It was the cardinal error of the Marxists that they looked at it all
exclusively from the physical side. They said that Capital is to be
looked upon as crystallised Labour as a product with which
Labour has been combined. Now if an artist paints a picture, the
Spirit he has painted into it during ten years is certainly combined
with it, but this could at most be computed by those who believe that
Spirit is the inner work of the human organism
transmuted; which is sheer nonsense. The spiritual cannot be
assimilated to the natural in that facile way. If I complete a
spiritual product, it is not the point that in some way Labour is
stored up in the product. The work stored up in it is economically
irrelevant. Qua bodily work it may be very little. Moreover
what little there was falls, in any case, under the other heading
that of physical work. What gives value to the product is in
truth the Labour which it will save me. Thus on the one side of the
economic process the actual doing of work, the bringing of Labour to
the product, is the value-creating factor; the product absorbs Labour
as it were, attracts it, While on the other side the product
rays out Labour, begets Labour; the value is the original thing which
calls the Labour into being.
We have now therefore a means of comparison, namely, Labour on the one
side and Labour on the other side, and we are therefore in a position
to relate them, for we may say: If the value in the one case equals
Nature times Labour, in the other we must call it
Spirit minus Labour.
The direction is exactly opposite. Physical Labour only has meaning
inasmuch as the one who wants to contribute it to the economic process
actually does it himself. While what is related to the product on the
spiritual side is the Labour which one man does for another. It must
therefore be entered as a negative in the economic process.

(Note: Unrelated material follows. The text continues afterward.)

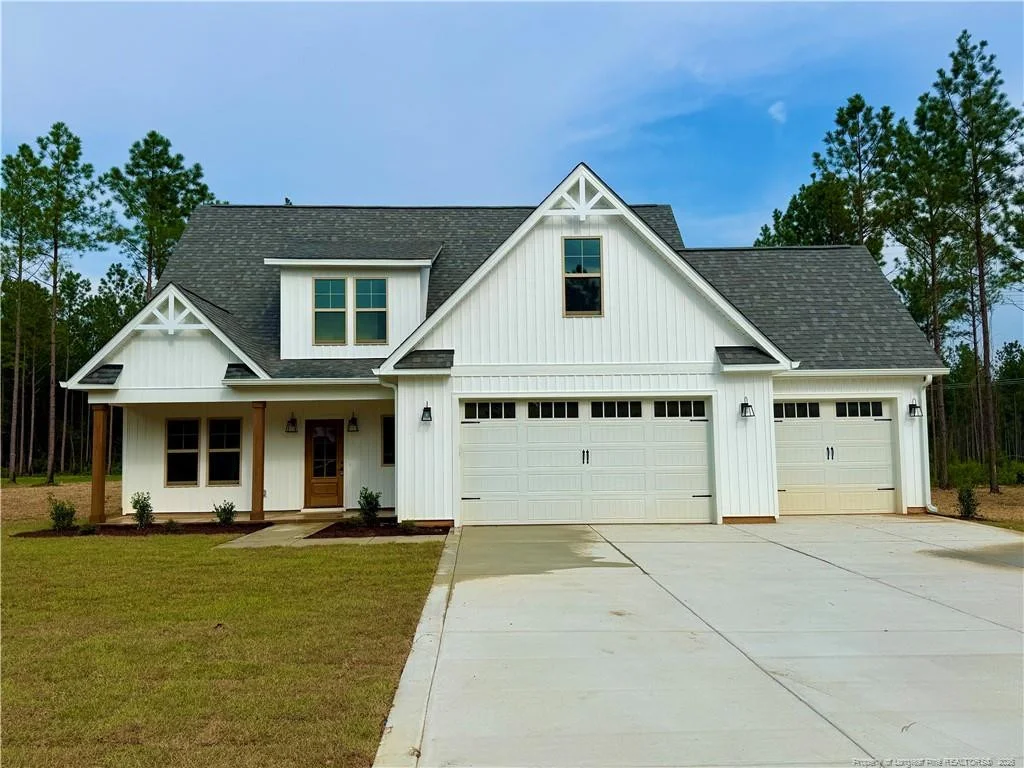 215 Whispering Ridge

It is a remarkable thing. Study the history of Economics, and you will
always find that what is said is right, but only in a limited sphere.
There are economists who believe that it is Labour which gives things
value the school of Adam Smith, the school of Marx, for
example. But other schools give another definition, which again is
right in a certain sphere. According to them, a thing becomes Capital
i.e., a source of value inasmuch as it saves
Labour. Both points of view are true. Only, the one is true of all
that is in any way related to Nature, to the soil, the land; while the
other is related to the Spirit. Between these two there is a third.
For, in effect, neither of the two extremes is ever there in its pure
form; they are only there in an approximately absolute sense. After
all, even in picking blackberries (which acquires economic value only
inasmuch as the workers actually go there and do it) even here
there is some spiritual work. If of two blackberry-pickers one is
stupid and makes extra work for himself by picking where they are
scarce, while the other finds a place where there are plenty and
obtains a better yield for his Labour, the blackberries of the former
worker are of less value, relatively speaking; he will not get more
money for the same amount of berries. Thus, in effect, neither extreme
is ever realised absolutely. Even the gathering of blackberries
entails spiritual work (although we might not call it so). The work of
using one's wits creates values, just as it did with the collector of
autographs; at least it creates values by placing them.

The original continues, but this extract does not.